And most blog visitors are traffic by some random success post linked from
some popular site or one-off search traffic.

So, they won't stick around for cache to matter anyway -- better give them a
nicer first experience in the off chance that they do stick because of that.

------
thedrake
Also looks from this
[https://www.webpagetest.org/result/170213_3A_1BNS/1/details/...](https://www.webpagetest.org/result/170213_3A_1BNS/1/details/#waterfall_view_step1)
that you are actually sending the favicon file as well (which I like but it is
2 requests and not 1)

------
vram22
Interesting post. I tend to agree with Jacques. The value-add of many sites
these days is disproportionately low compared to their size.

My site is pretty lite :), though not in the ball park of the OP. Used to be
even lighter, need to trim it down again some.

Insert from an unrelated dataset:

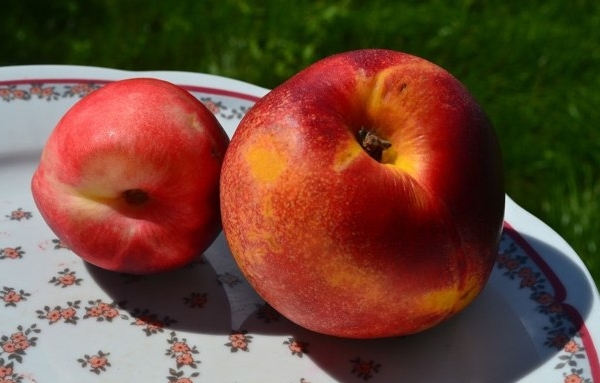  Hybriden av persika och plommon kallas plommonektriska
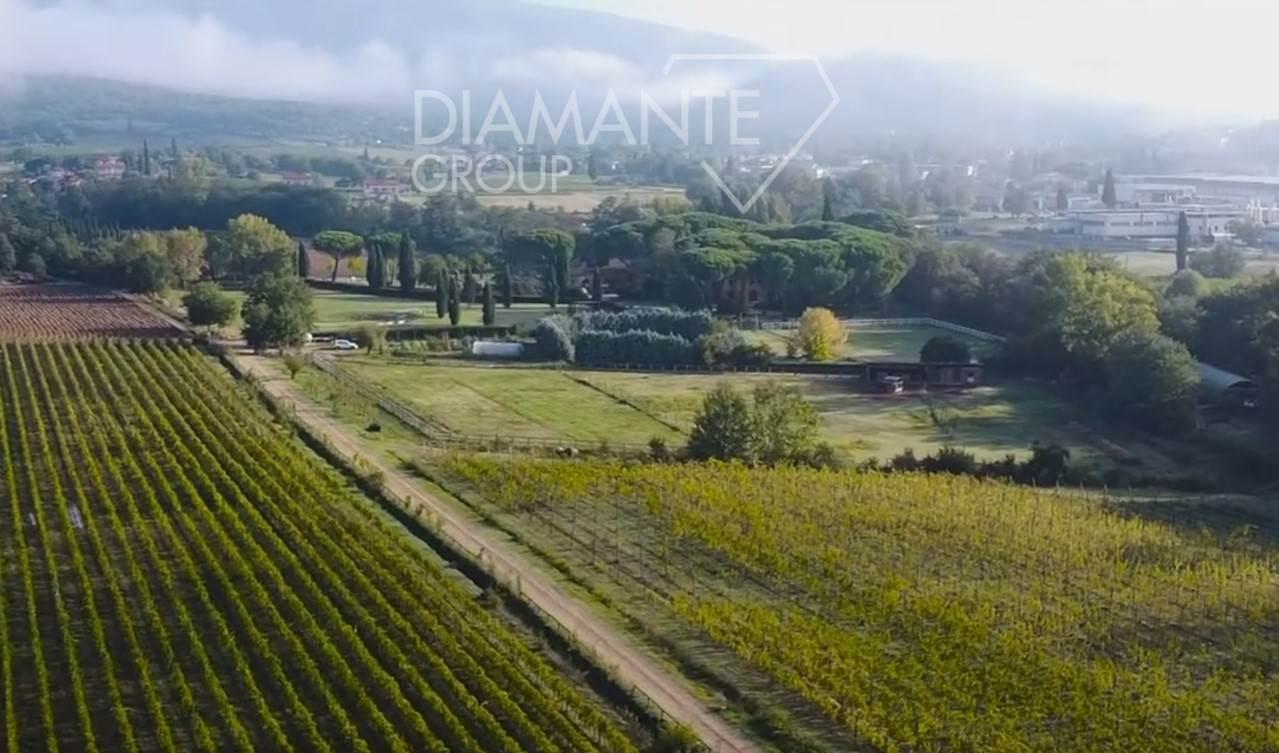 /api/file/public/261947/17956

[https://vasudevram.github.io/](https://vasudevram.github.io/)

------
michaelmcmillan
Mine is faster: [http://michaelmcmillan.net](http://michaelmcmillan.net)

------
thedrake
It will be faster if you send the request closer to the origin of the user.
You could push the site closer using something like the edge network from
google or other providers
[https://peering.google.com](https://peering.google.com) shows how google does
it

------
Jeaye
[https://upload.jeaye.com/tmp/blog-
performance.png](https://upload.jeaye.com/tmp/blog-performance.png)

He loads 4KB in 75ms, which is about 53KB/s. I load 47.82KB in 210ms, which is
227KB/s. Technically, I'm loading 4 times faster.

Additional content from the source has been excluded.